Representantes de sindicatos como o dos Médicos e o Sindsprev/RJ falam num iminente colapso emocional dos profissionais. Neste repique da pandemia, a percepção de muitos deles é de que a rotina de mortes e angústia não vai acabar, observa Dorisdaia Humerez, coordenadora do programa de acolhimento à saúde mental Enfermagem Solidária, do Conselho Federal de Enfermagem (Cofen). O projeto precisou ser retomado com o agravamento da pandemia, com 695 atendimentos a profissionais da enfermagem no Brasil de 30 de janeiro a 15 de março, sendo o Rio o terceiro estado em demanda. Nos relatos cada dia mais dramáticos, muitos buscam ajuda pensando em desistir, sobretudo entre os que trabalham nas UTIs.

— Esses profissionais não estão suportando. Não aguentam mais cuidar das pessoas e perdê-las. Nos estados onde já faltam os “kits intubação”, assistir ao sofrimento dos pacientes tem sido a gota d’água. Eles contam que, sem os sedativos, muitos acordam no meio da intubação, com dor, e tentam arrancar o tubo se não tiverem contenção de braços e pernas — diz Dorisdaia, contando que, no Rio, são as aglomerações da população uma das principais queixas dos profissionais de saúde. — Eles se sentem como se não fossem respeitados, como se as pessoas brincassem com a morte.

— A maior angústia é emocional, de ver tudo cheio, com pacientes graves e jovens — afirma, sem se identificar, dizendo até se surpreender com os anúncios recentes de novos leitos. — Provavelmente, vão saturar mais a gente.

No município, sem detalhar quantos, a Secretaria municipal de Saúde afirma que abrirá novos leitos nos próximos dias. Estão sendo contratados, segundo a prefeitura, 532 profissionais, sendo 138 para o Hospital Municipal Souza Aguiar, que ganhou 40 dos 363 novos leitos criados desde o início do ano. Já o governo do Rio afirma que contratará 160 leitos da iniciativa privada e, até 2 de abril, disponibilizará 27 leitos da rede estadual. Além disso, o plano anunciado quinta-feira pelo governador em exercício Cláudio Castro é de uma ação conjunta com o Ministério da Saúde para abrir outros 557 leitos nos próximos dias, 324 deles de UTI, com regulação pelo estado, mas força de trabalho e gestão da União.

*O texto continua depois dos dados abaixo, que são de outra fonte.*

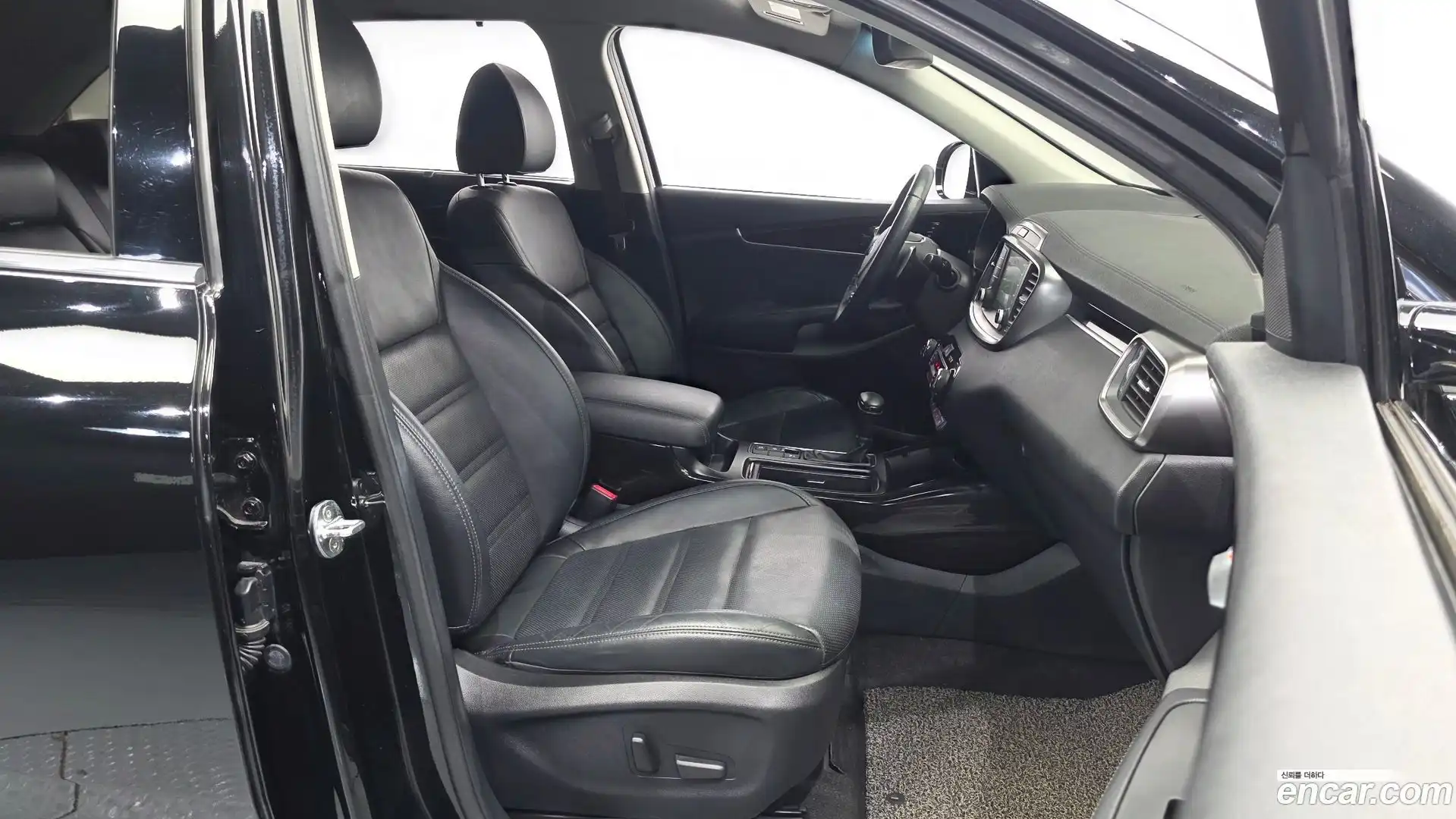 Sorento Kia 2019.1-INNER-036
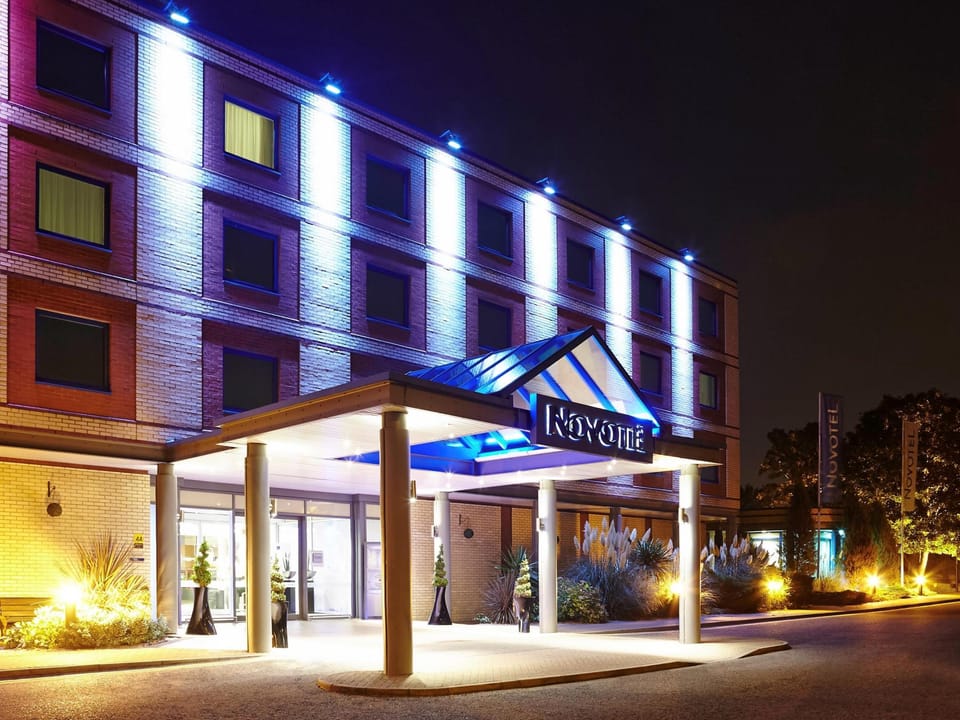 Novotel London Heathrow Airport M4 Jct. 4 Hotel in London Borough of Hounslow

Nos hospitais federais, a previsão é que 59 desses leitos sejam abertos esta semana. Porém, essa mesma rede ainda precisa preencher 567 vagas de um chamamento de 4.117 profissionais e suprir os quadros de demitidos ao longo dos últimos meses, após o fim de contratos temporários.

O Conselho Regional de Enfermagem do Rio (Coren-RJ) diz que, com a pandemia, o aumento dos afastamentos e os cortes de contratos aumentaram o déficit de pessoal. Só na área de enfermagem, essa defasagem cresceu 20%. Apenas na rede federal, aponta o conselho, faltam 1.220 enfermeiros, técnicos e auxiliares. Nos oito grandes hospitais municipais do Rio, são 1.897 profissionais a menos do que indicam os protocolos.

— Esse quadro ocorre quando muitos enfermeiros ainda sequer receberam a vacina contra a Covid — diz Lilian Behring, presidente do Coren.